7 Reasons Why Your XML Payments Are Failing… 1

During the SEPA implementation, there was a common objective to develop and deliver the required SEPA XML payments format. Having gone through the PAIN (see what I did there?!) many corporates are now looking to utilise the ISO20022 format for other (non-European) payment processes that they may be running. After all it makes sense to get rid of as many bank proprietary / country specific formats and utilise wherever possible a common and ‘bank agnostic’ XML format. The idea being that the SEPA XML payments format will fulfil 90ish% of the format requirements and with a bit of tweaking here and there the corporate would be able to utilise the XML payments format universally. It makes complete sense, and the purpose of this post is to share 7 of the most common XML payments errors that I have come across…

Please note, these are not specifically SEPA XML errors but more general XML payments errors that you may encounter outside of the SEPA region. Typically these XML payment errors will result in your payments failing.

XML Payments Error 1 – Ensure you’re using the right PAIN.001 version…
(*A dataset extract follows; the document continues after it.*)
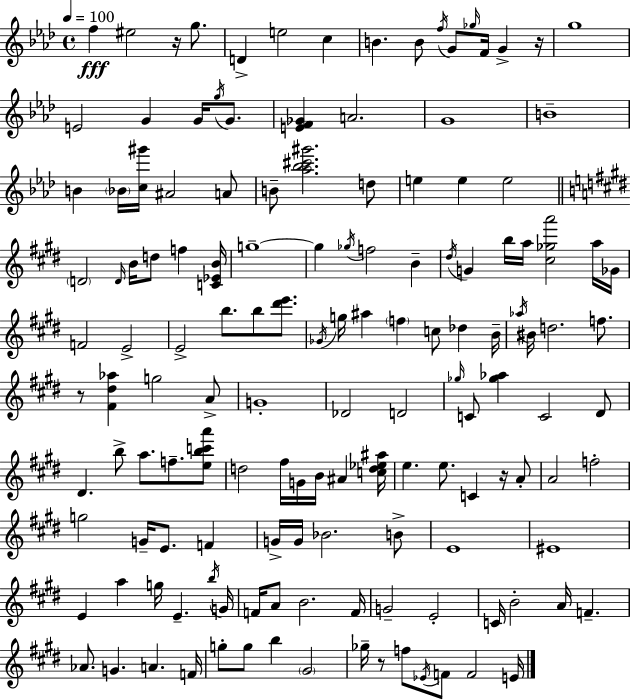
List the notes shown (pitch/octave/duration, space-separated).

F5/q EIS5/h R/s G5/e. D4/q E5/h C5/q B4/q. B4/e F5/s G4/e Gb5/s F4/s G4/q R/s G5/w E4/h G4/q G4/s G5/s G4/e. [E4,F4,Gb4]/q A4/h. G4/w B4/w B4/q Bb4/s [C5,G#6]/s A#4/h A4/e B4/e [Ab5,Bb5,C#6,G#6]/h. D5/e E5/q E5/q E5/h D4/h D4/s B4/s D5/e F5/q [C4,Eb4,B4]/s G5/w G5/q Gb5/s F5/h B4/q D#5/s G4/q B5/s A5/s [C#5,Gb5,A6]/h A5/s Gb4/s F4/h E4/h E4/h B5/e. B5/e [D#6,E6]/e. Gb4/s G5/s A#5/q F5/q C5/e Db5/q B4/s Ab5/s BIS4/s D5/h. F5/e. R/e [F#4,D#5,Ab5]/q G5/h A4/e G4/w Db4/h D4/h Gb5/s C4/e [Gb5,Ab5]/q C4/h D#4/e D#4/q. B5/e A5/e. F5/e. [E5,B5,C6,A6]/e D5/h F#5/s G4/s B4/s A#4/q [C5,D5,Eb5,A#5]/s E5/q. E5/e. C4/q R/s A4/e A4/h F5/h G5/h G4/s E4/e. F4/q G4/s G4/s Bb4/h. B4/e E4/w EIS4/w E4/q A5/q G5/s E4/q. B5/s G4/s F4/s A4/e B4/h. F4/s G4/h E4/h C4/s B4/h A4/s F4/q. Ab4/e. G4/q. A4/q. F4/s G5/e G5/e B5/q G#4/h Gb5/s R/e F5/e Eb4/s F4/e F4/h E4/s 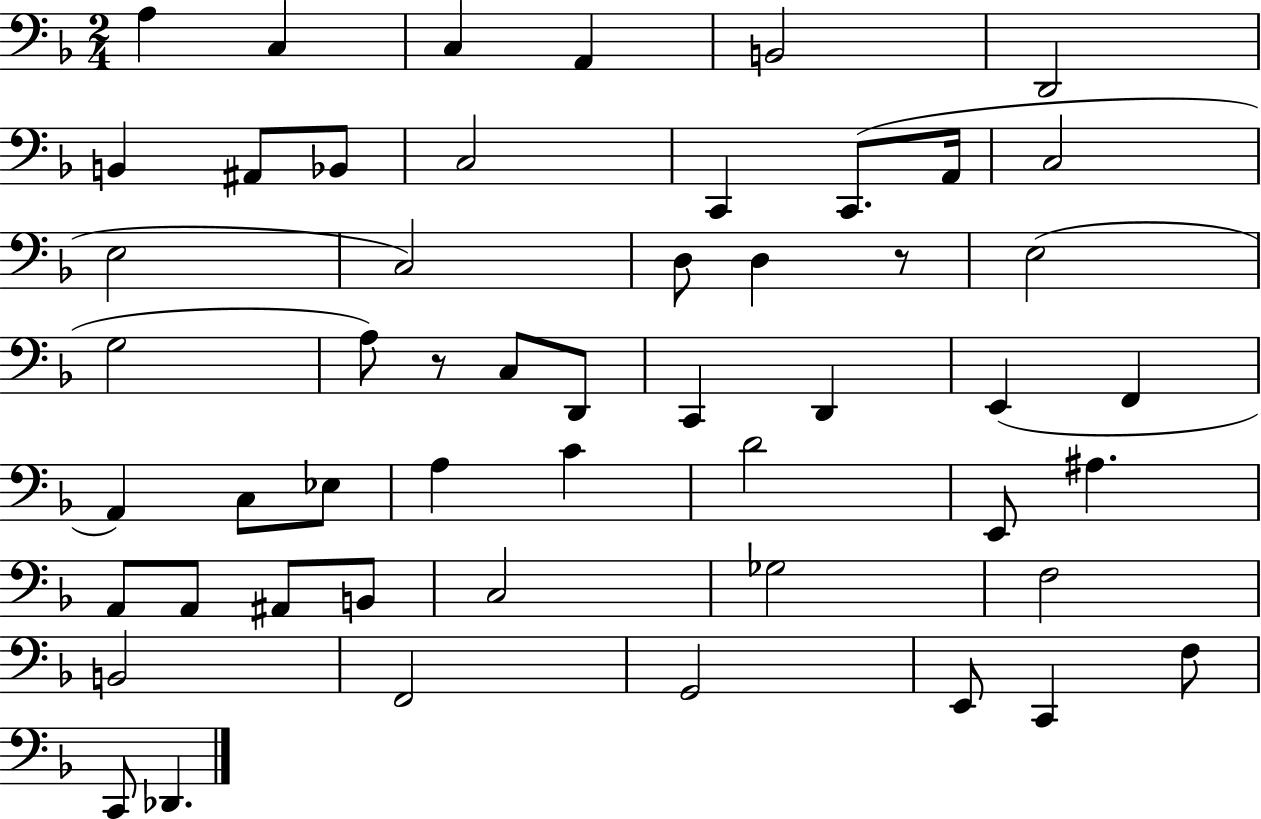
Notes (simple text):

A3/q C3/q C3/q A2/q B2/h D2/h B2/q A#2/e Bb2/e C3/h C2/q C2/e. A2/s C3/h E3/h C3/h D3/e D3/q R/e E3/h G3/h A3/e R/e C3/e D2/e C2/q D2/q E2/q F2/q A2/q C3/e Eb3/e A3/q C4/q D4/h E2/e A#3/q. A2/e A2/e A#2/e B2/e C3/h Gb3/h F3/h B2/h F2/h G2/h E2/e C2/q F3/e C2/e Db2/q.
While many banks and corporates are now adopting the CGI (Common Global Implementation) PAIN.001 version 3 message. Some banks, countries or corporates may still be using an older version of the PAIN format though, make sure you know what you and your bank can support and enhance the message accordingly…

XML Payments Error 2 – Use the right Payment Type Code…
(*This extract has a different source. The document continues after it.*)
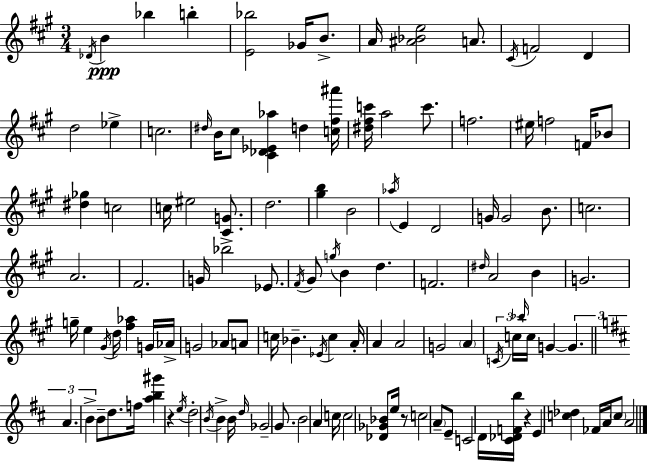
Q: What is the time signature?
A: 3/4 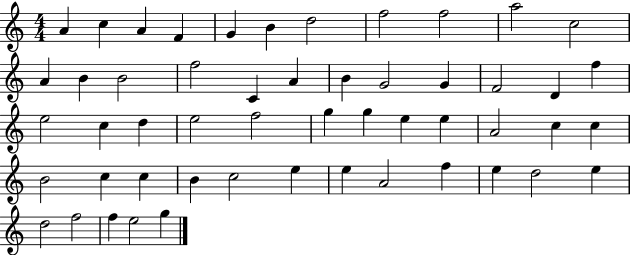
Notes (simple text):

A4/q C5/q A4/q F4/q G4/q B4/q D5/h F5/h F5/h A5/h C5/h A4/q B4/q B4/h F5/h C4/q A4/q B4/q G4/h G4/q F4/h D4/q F5/q E5/h C5/q D5/q E5/h F5/h G5/q G5/q E5/q E5/q A4/h C5/q C5/q B4/h C5/q C5/q B4/q C5/h E5/q E5/q A4/h F5/q E5/q D5/h E5/q D5/h F5/h F5/q E5/h G5/q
Each country uses a slightly different Instruction Priority code <InstrPrty> or Clearing Channel <ClrChanl> code within the Payment Type Information <PmtTpInf> value to identify the type of payment being made. For example, RTGS for Real Time Gross Settlement is a widely used code for urgent payments. But local ACH (automated clearing house) payments in a country will have different Payment Type codes to help indicate through which clearing system and priority you would like the payments to be processed. Make sure you know the specific in country Payment Type code requirement and specify this code in the XML format that you’re generating…

XML Payments Error 3 – Get your lengths right…

While the ISO20022 XML specifications state that the beneficiary names and address lines can be 70 characters, sometimes in-country or bank specifications will override the stated ISO requirements. A common deviation is where the beneficiary name has an in-country maximum number of characters that is less than 70 characters. In this case if the indicated name in the XML payments format is longer than the required number of characters the bank will reject the sent payment.

Ensure you know the country clearing system and bank requirements and adhere with them.

XML Payments Error 4 – Structured or Unstructured Remittance Information, never both…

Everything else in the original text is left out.